The module also currently uses the official PPA so only works with
Ubuntu.
## Installation
The module is available on the [Puppet
Forge](https://forge.puppetlabs.com/garethr/docker/) and can be
installed using the built-in module tool.
$ puppet module install garethr/docker
It can also be found on
[GitHub](https://github.com/garethr/garethr-docker) if you would rather
download the source.
## Usage
The module provides a puppet class for installing Docker and two defined
types for managing images and containers.
### Installation
include 'docker'
### Images
The next step is probably to install a Docker image. For this, we have a
defined type which can be used like so:
docker::image { 'ubuntu': }
This is equivalent to running:
$ docker pull ubuntu
Note that it will only be downloaded if an image of that name does not
already exist. This is downloading a large binary so on first run can
take a while. For that reason this define turns off the default 5 minute
timeout for the exec type. Note that you can also remove images you no
longer need with:
docker::image { 'ubuntu':
ensure => 'absent',
}
### Containers
Now you have an image where you can run commands within a container
managed by Docker.
docker::run { 'helloworld':
image => 'ubuntu',
command => '/bin/sh -c "while true; do echo hello world; sleep 1; done"',
}
This is equivalent to running the following command, but under upstart:
$ docker run -d ubuntu /bin/sh -c "while true; do echo hello world; sleep 1; done"

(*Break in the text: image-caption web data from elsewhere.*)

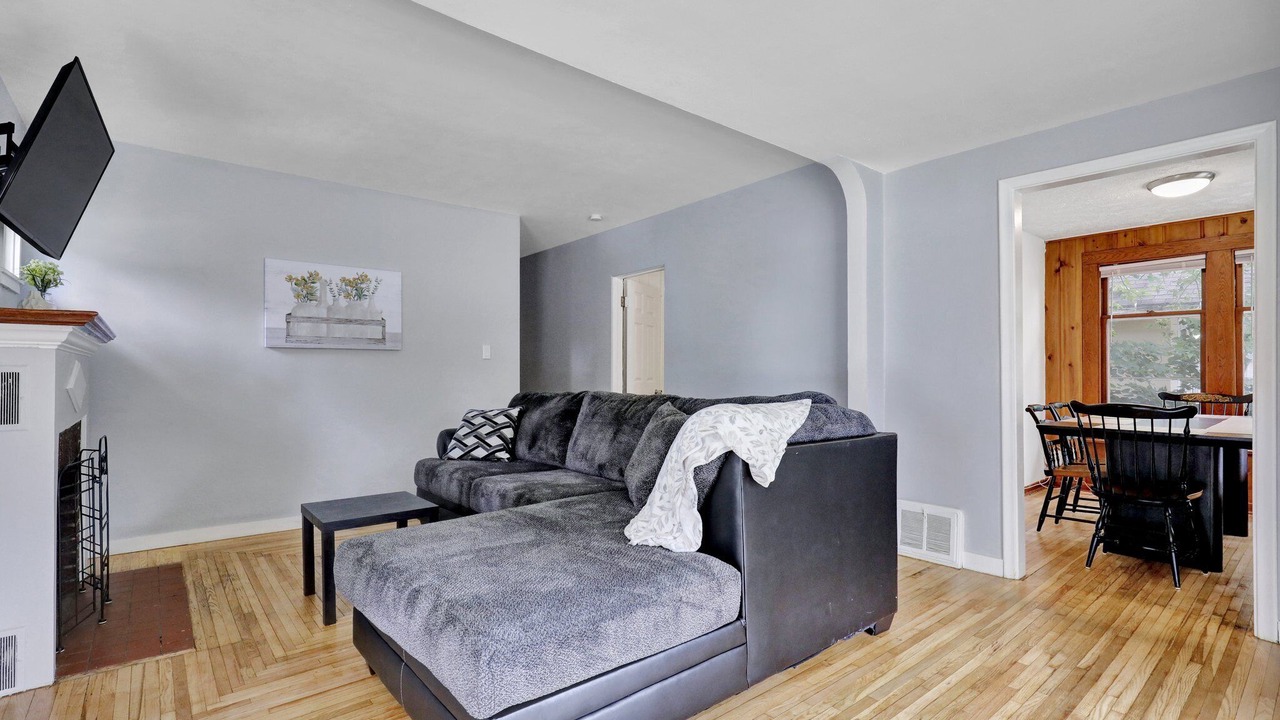 Photo of Livingroom in Lansing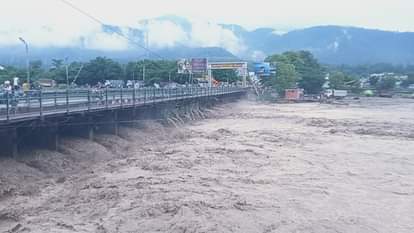 भारी बारिश से नदियों का जलस्तर बढ़ा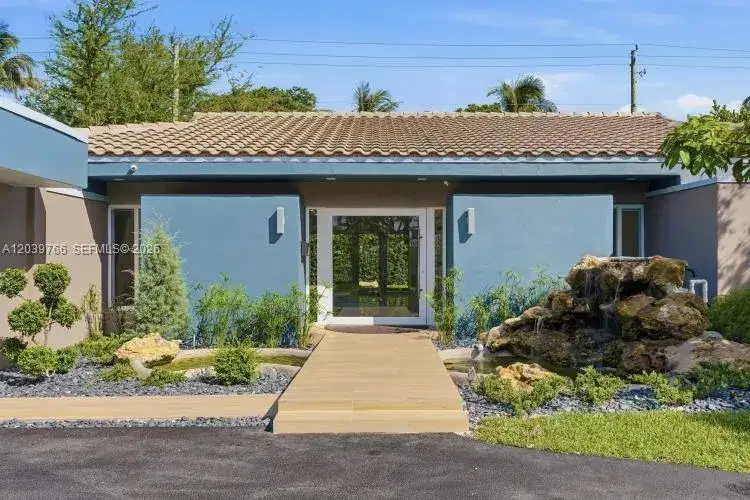 5 bedroom 4 bath Residential for sale at 291 E Shore Dr E, Miami FL 33133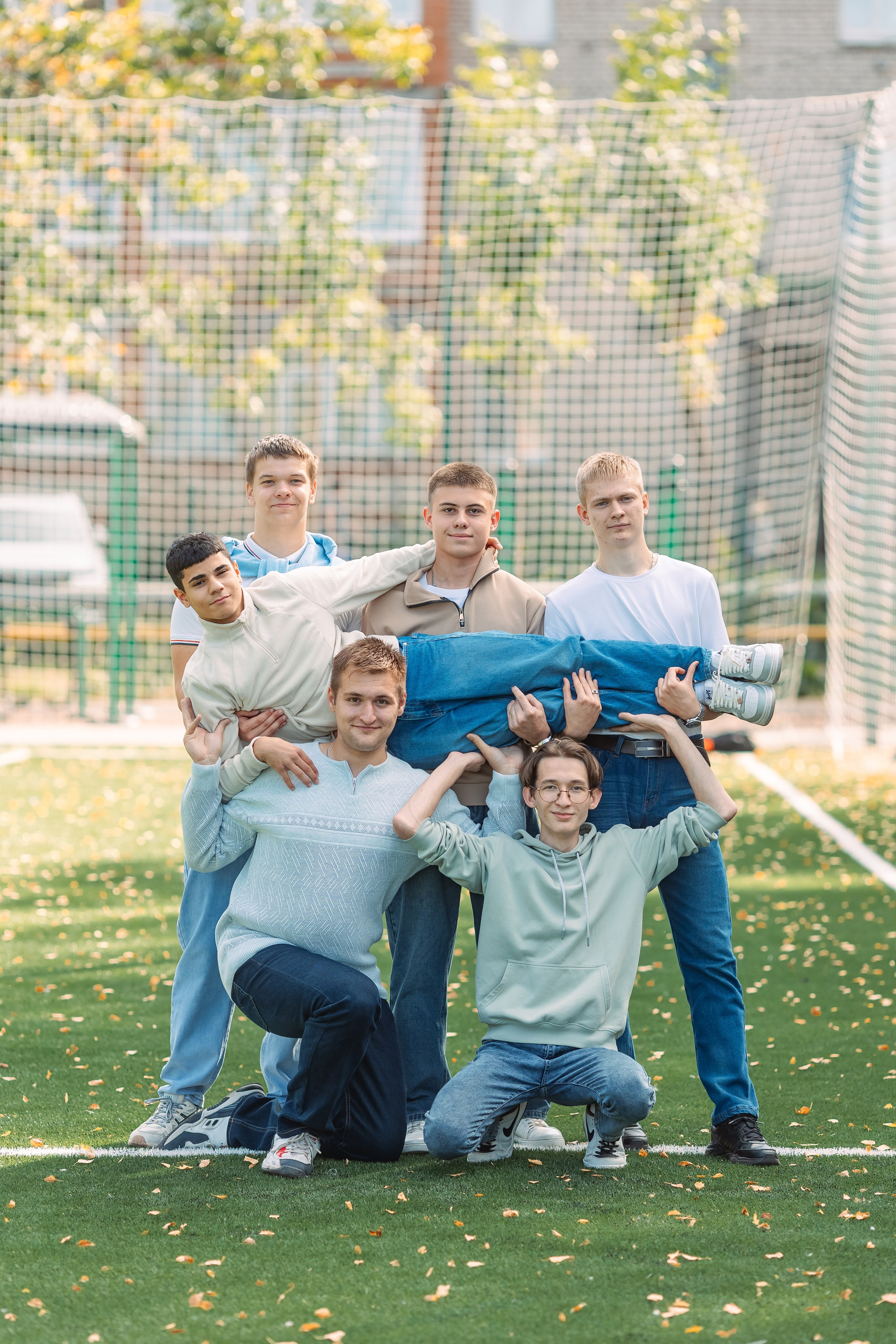 Позирование группы. Выпускные альбомы для детского сада и школы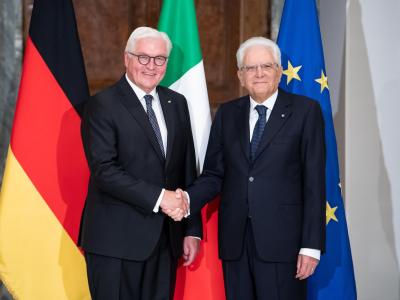 Bundespräsident Frank-Walter Steinmeier (l) und der italienische Pra?sident Sergio Mattarella treffen sich im Quirinalspalast in Rom zu einem Gespräch. Frank-Walter Steinmeier und Sergio Mattarella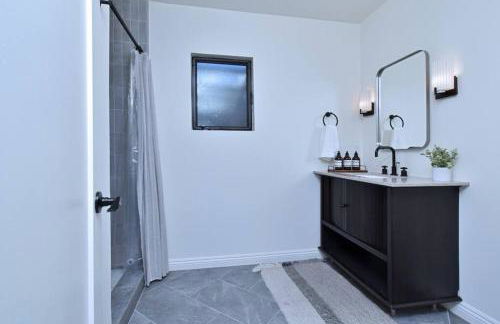 Beautiful 3 Bed Home with a Large Back Yard Outdoor Space - Foto 16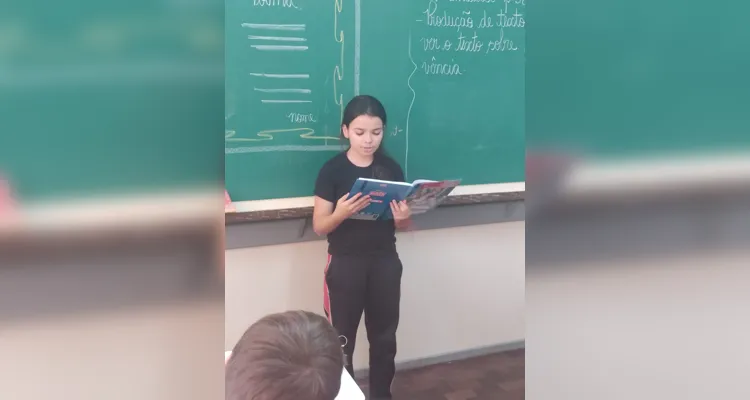 Com a liberdade oferecida dentro da proposta de elaboração de poesias, os alunos conseguem expressar ao máximo sua criatividade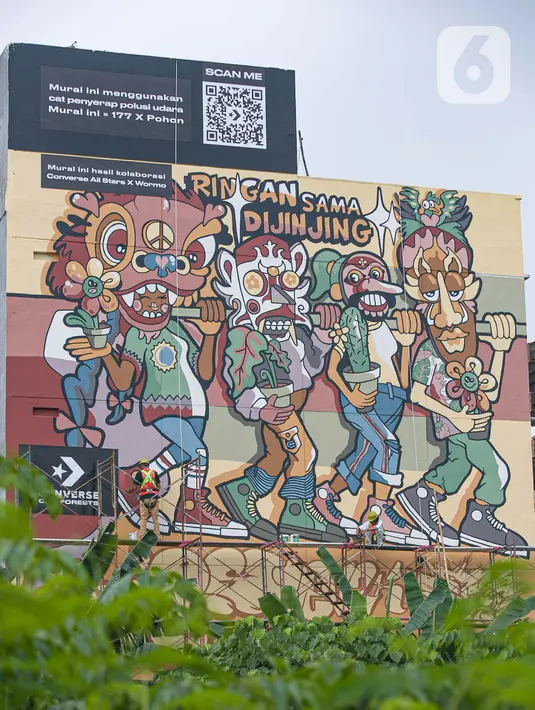 Seniman membuat mural dalam acara Converse City Forest di Fatmawati, Jakarta, Sabtu (6/3/2021). Acara yang digagas di 14 kota di seluruh dunia merupakan ajang kampanye untuk membersihkan udara yang diimplementasikan dengan mural bertema mendobrak batas-kesetaraan ras. (Liputan6.com/Faizal Fanani)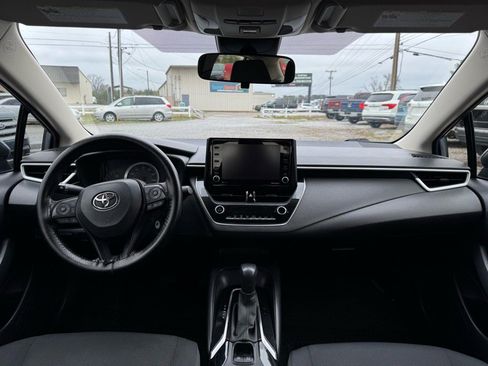 Used 2022 Toyota Corolla LE image 16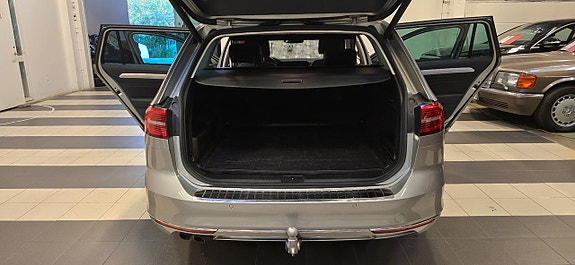 Volkswagen Passat 16 of 21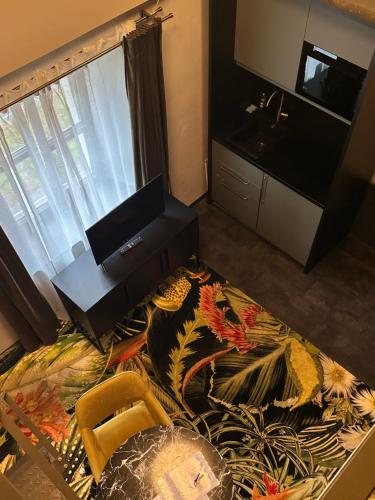 room detail thumbnail 1
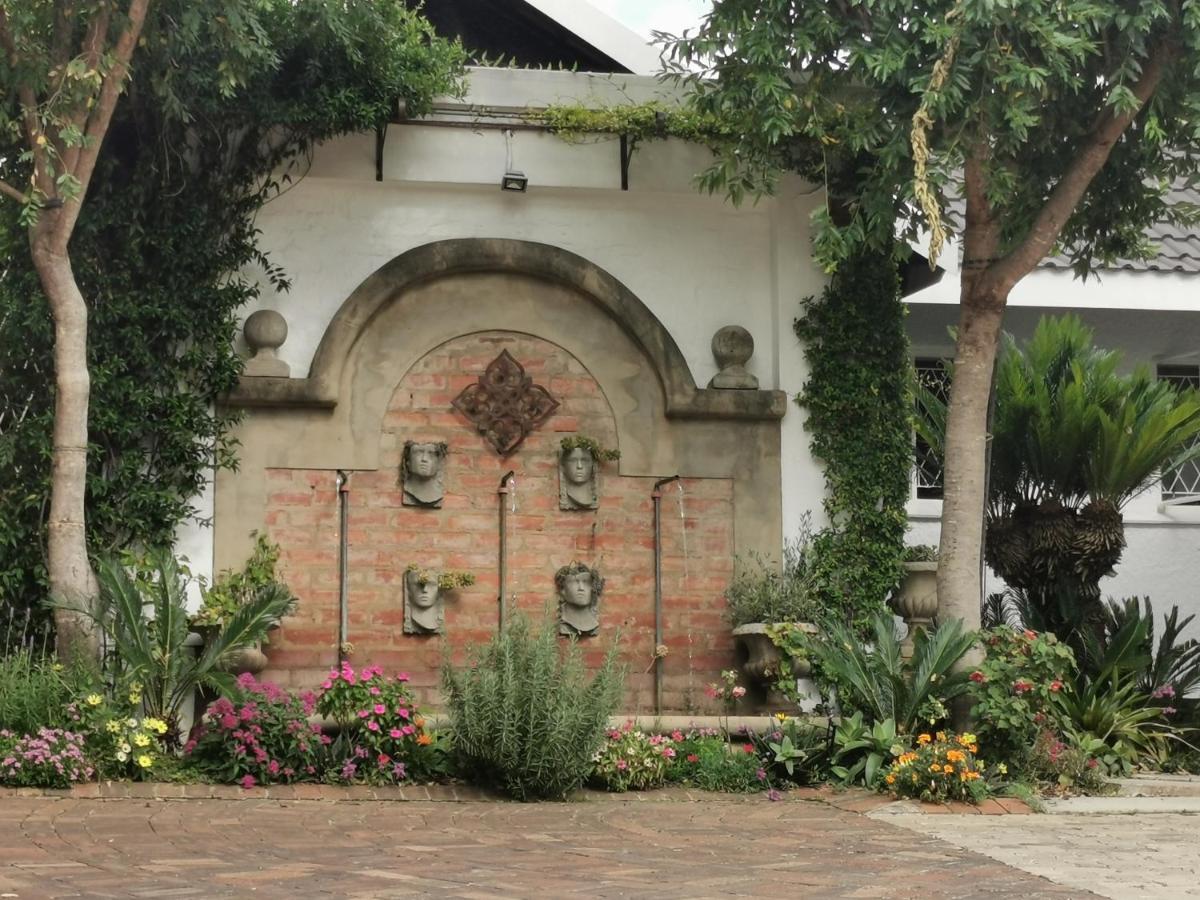 At 98 On Lynburn Guest House Pretoria-Noord Esterno foto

Run also contains a number of optional parameters:
docker::run { 'helloworld':
image => 'ubuntu',
command => '/bin/sh -c "while true; do echo hello world; sleep 1; done"',
ports => ['4444', '4555'],
volumes => ['/var/lib/couchdb', '/var/log'],
volumes_from => '6446ea52fbc9',
memory_limit => 10485760, # bytes
username => 'example',
hostname => 'example.com',
env => ['FOO=BAR', 'FOO2=BAR2'],
dns => ['8.8.8.8', '8.8.4.4'],
}
> *Note:*
> The `ports`, `env`, `dns` and `volumes` attributes can be set with either a single
> string or as above with an array of values.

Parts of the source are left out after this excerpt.